▶ **Action item**:
Return the data below exactly, please, but drop the pictures.

▶ **Data block**:
....

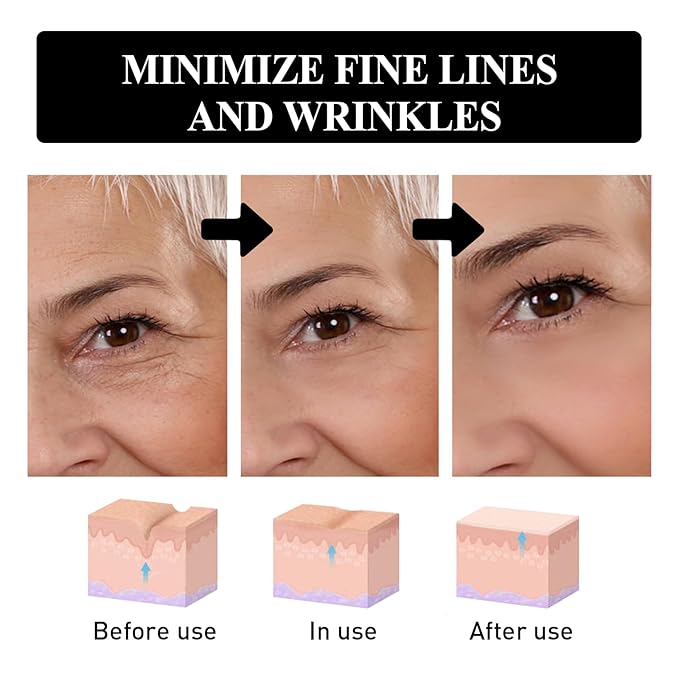 Snake Peptide Eye Cream，Anti-Aging Eye Cream for Dark Circles, Puffiness & Wrinkles, Hydrating Eye Treatment with Niacinamide & Glycerin (2)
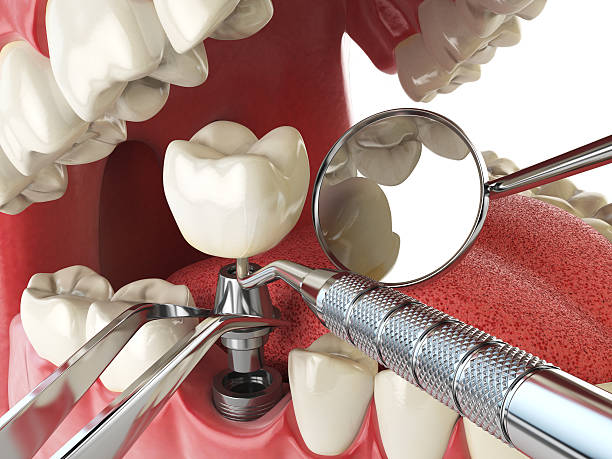 Best Urgent Care for Lost Fillings or Crowns in Clarkston, GA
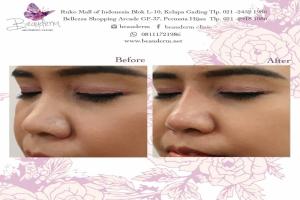 Filler Hidung / Nose Filler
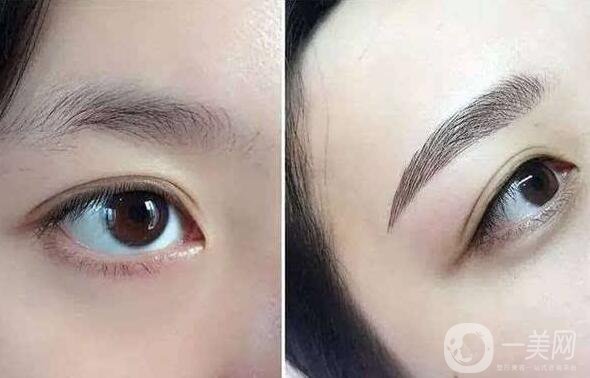 北京眉整形多少錢？?jī)r(jià)格是多少？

....

▶ **Task response**:
 Snake Peptide Eye Cream，Anti-Aging Eye Cream for Dark Circles, Puffiness & Wrinkles, Hydrating Eye Treatment with Niacinamide & Glycerin (2)
 Best Urgent Care for Lost Fillings or Crowns in Clarkston, GA
 Filler Hidung / Nose Filler
 北京眉整形多少錢？?jī)r(jià)格是多少？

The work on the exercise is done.